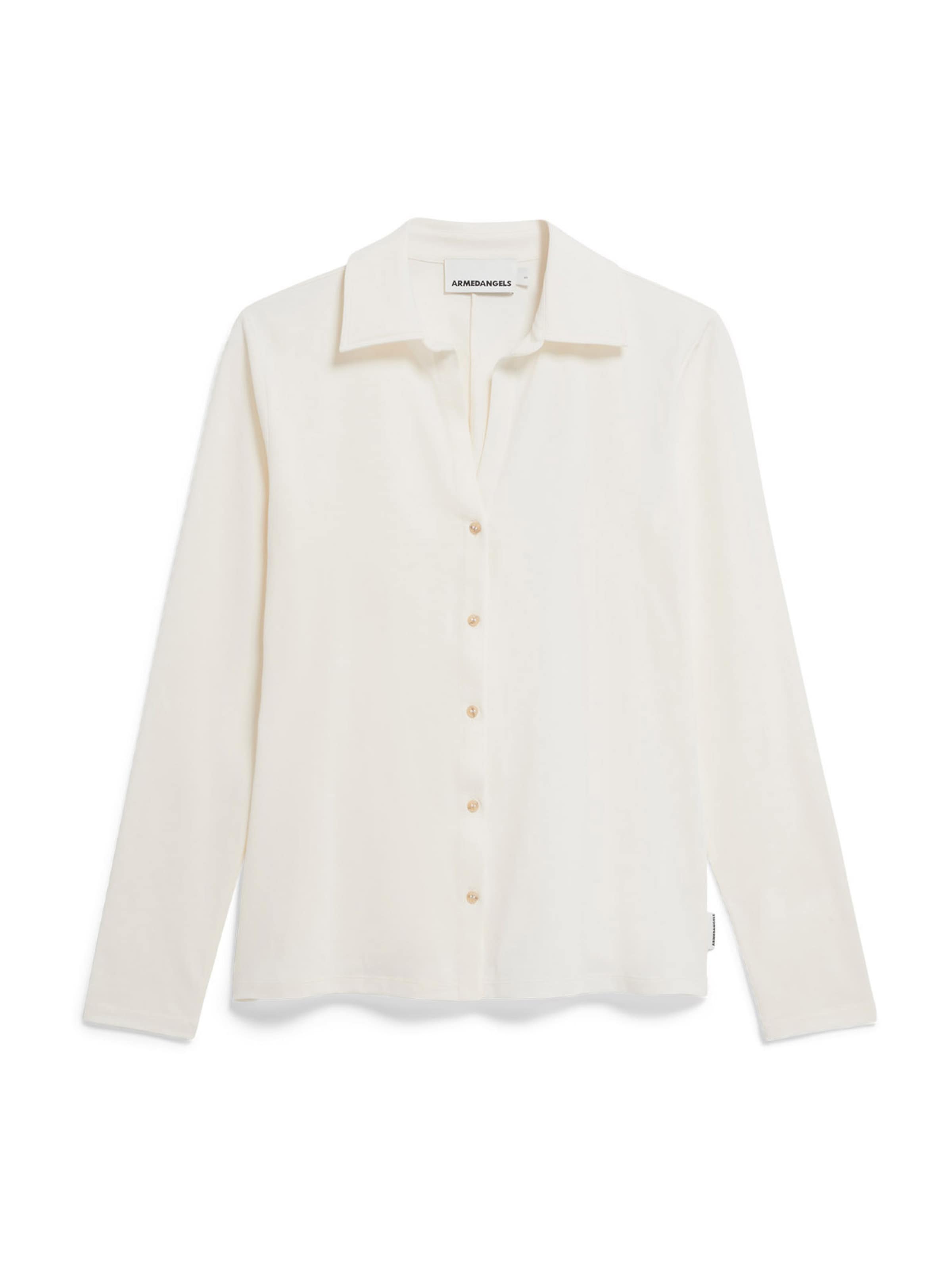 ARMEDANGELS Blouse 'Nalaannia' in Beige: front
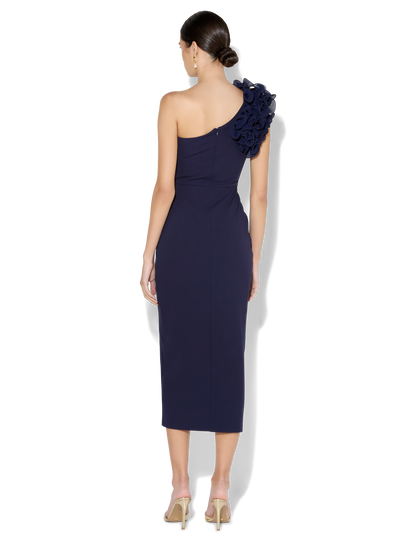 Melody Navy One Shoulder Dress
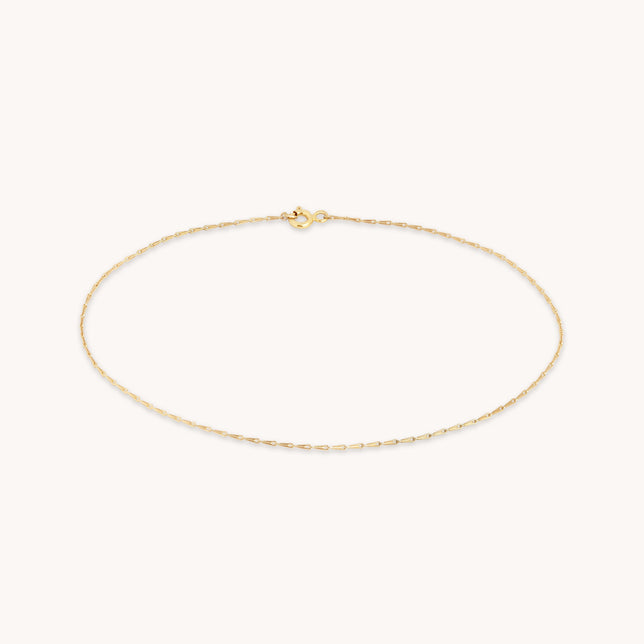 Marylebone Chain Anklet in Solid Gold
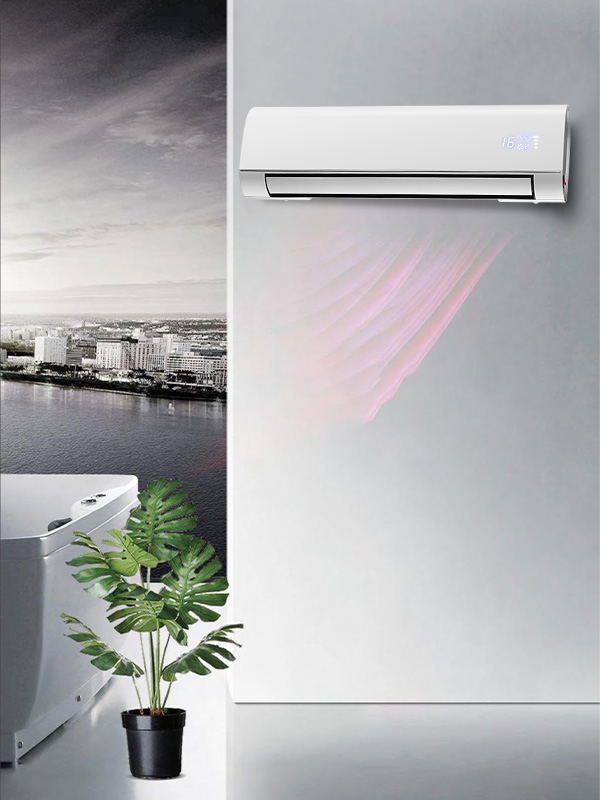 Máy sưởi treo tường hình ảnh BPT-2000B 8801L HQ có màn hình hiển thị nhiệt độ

Exercise objective:
Reproduce the listing exactly, but omit every picture in it.

Task output:
 ARMEDANGELS Blouse 'Nalaannia' in Beige: front
 Melody Navy One Shoulder Dress
 Marylebone Chain Anklet in Solid Gold
 Máy sưởi treo tường hình ảnh BPT-2000B 8801L HQ có màn hình hiển thị nhiệt độ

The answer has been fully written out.